Le conseguenze di tutto ciò sono inevitabili: il controesame di Giannitrapani da parte della pubblica accusa si trasforma in una sorta di vero e proprio interrogatorio d’altri tempi. Dalla voce della dott.ssa Panelli risuona in aula una serie di penetranti domande su storia della multinazionale, chiusura degli stabilimenti, corrispondenza pubblica e privata con Stéphan Schmidheiny, più o meno nota cancerogenicità dell’amianto.

Cancerogenicità”, parola assai difficile da pronunciare.

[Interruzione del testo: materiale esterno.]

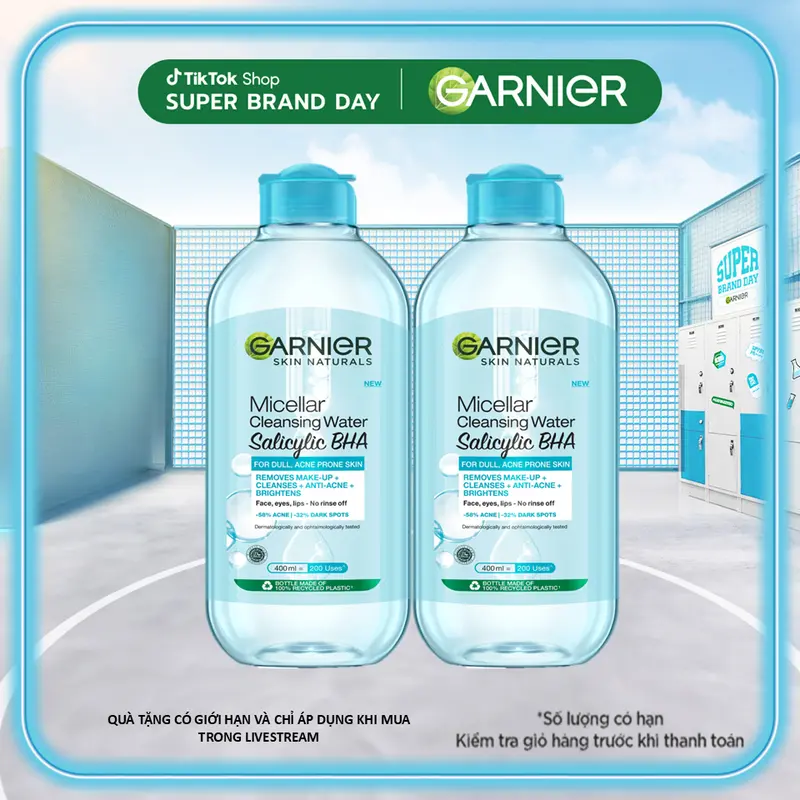 [KOL] Bộ đôi Nước tẩy trang làm sạch dịu nhẹ cho mọi loại da - Garnier Micellar Cleansing Water 400ml 2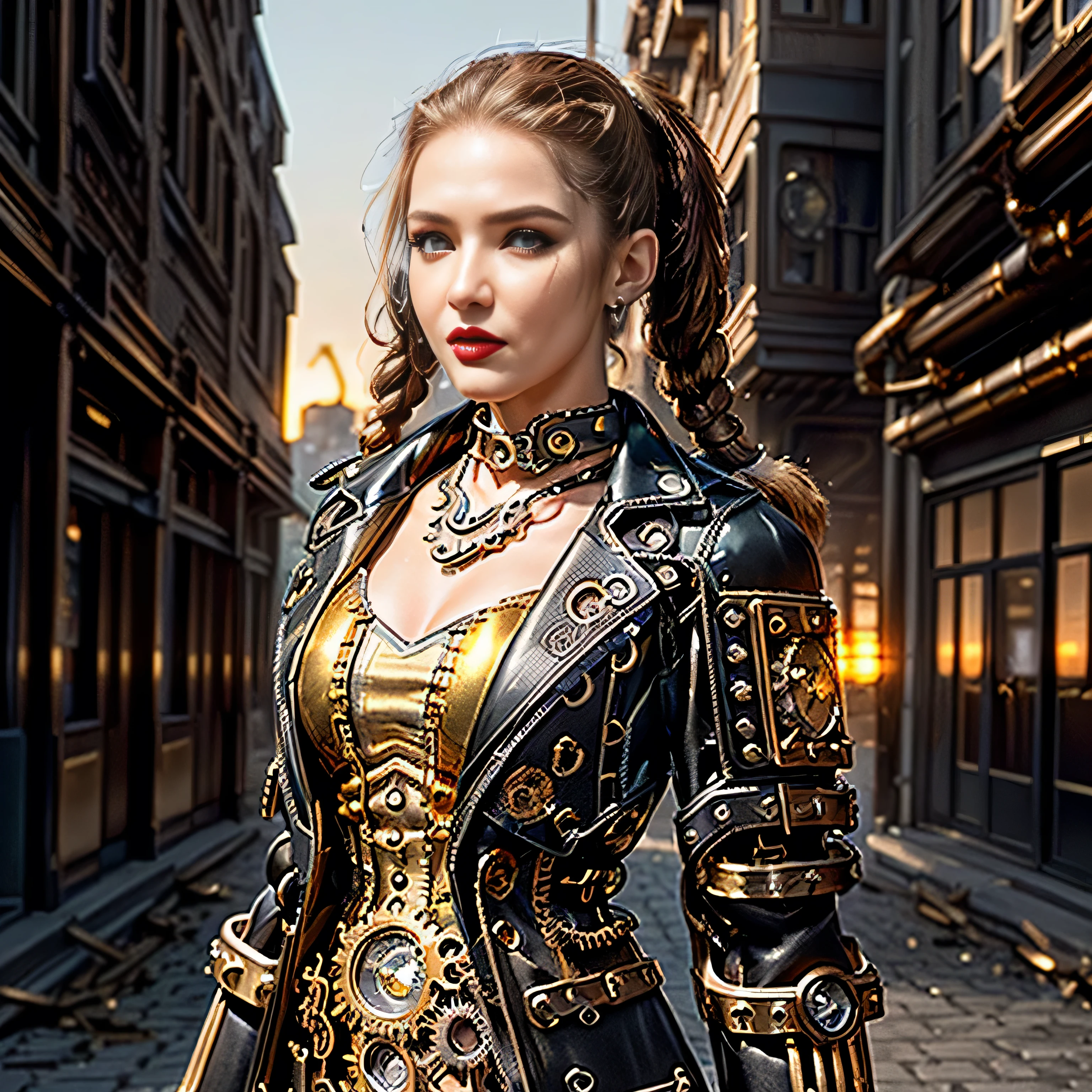 ((masterpiece, photorealistic:1.4, extremely intricate:1.3, photon mapping, radiosity, physically based rendering, ultra resolution, hyper-realistic, photorealistic:1.4, hyper-realistic, 8K, dtx)), (((athletic female assassin, long pigtails windy [blonde hair:bright ginger hair:0.4], (([flat chest:medium breasts:0.8])), ((makeup:1.6, perfectchainmail, gold steampunk, black jacket), red lips, bright sunlight, sunset, silk shirt)))), outdoors, metal reflections, ((((futuristic apocalyptic city destroyed)))), professional photograph, soft focus, dramatic, award winning, cinematic lighting, volumetrics dtx, (film grain, blurry background, blurry foreground, bokeh, depth of field)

Ve ne sarete accorti leggendo questo articolo; se n’è accorta stamattina tutta l’aula, sentendo sia il testimone sia la rappresentante della pubblica accusa impappinarsi sistematicamente al momento di pronunciarla, complice l’atmosfera più che mai tesa del controesame.

Un impappinarsi che non è certo soltanto di natura fonetica. Intorno alla cancerogenicità – o meglio, al fatto che essa fosse nota negli anni Settanta – ruota il cardine della tesi accusatoria. Questione ovviamente difficilissima da ricostruire, a metà strada com’è tra storia della medicina e storia dell’industria, sulla quale si sono spesi mesi di consulenze tecniche. E, ora che si è passati ai testimoni della difesa, la pubblica accusa ovviamente tenta con ogni mezzo di scoprire che cosa si sapesse – e che cosa si dicesse – all’interno dei vertici aziendali nell’ultimo quindicennio di vita degli stabilimenti italiani dell’amianto.

Lettere segrete; nomi di medici che non dovevano essere divulgati; i dibattiti sul progressivo divieto dell’amianto negli altri Paesi, e sul perché. A tratti, il controesame di Giannitrapani potrebbe sembrare figlio della penna di John Grisham. Tanto che il giudice Casalbore, innervosito dal ritmo così serrato, interviene più volte per segnalare la non attinenza di una singola domanda con l’oggetto della deposizione. Una deposizione che si snoda tra insistenza delle domande e riluttanza nelle risposte, tra “Lei ha detto che…” e “Non saprei: è passato tanto tempo”. Se l’autore di questa storia vera fosse John Grisham, forse non si sarebbero dovuti attendere trentacinque anni per la sua pubblicazione.